In 2007, Prokofyeva graduated from the Boris Shchukin Theatre Institute. In the same year, she won the Golden Leaf Award in the Best Actress category for her role as Sophia in the play Woe from Wit. From 2007 to 2012 she performed at the Vakhtangov Theatre. Since 2009, she has been working in the Marathon Theatre. She made her film debut in 2007 with a starring role in Life Unawares. Then she mostly starred in television series. In 2011, she played Anna German in the film "Anna German.
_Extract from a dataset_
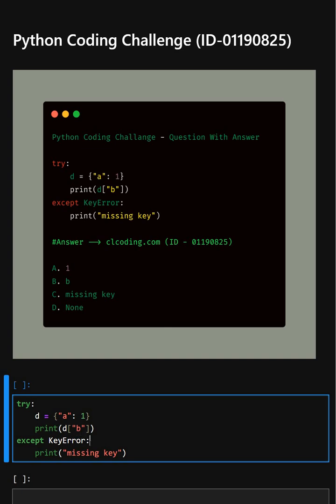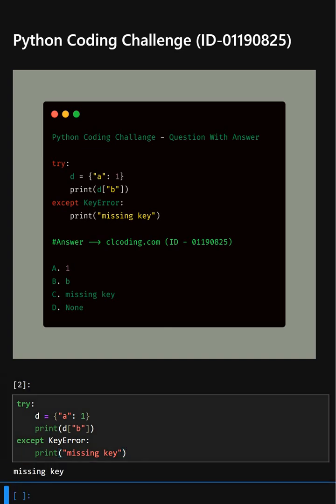In the next line, this catches the error that occurs when a non-existent key is accessed. This line prints 'missing key' because the KeyError was caught. Let's see what output it gives.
Echo of love". She also starred in the films "Friday" (2016) and "Frontier" (2018).

In 2017, the short film One Day was filmed, which became Prokofyeva's directorial debut. In 2018, the film was shown at the International Short Film Festival in Chennai (India) and in 2019 at the St. Anna Festival.

==Personal life==
On 7 November 2013, Prokofyeva married basketball player Evgeny Kolesnikov. The couple have two sons, Evgeny and Mikhail.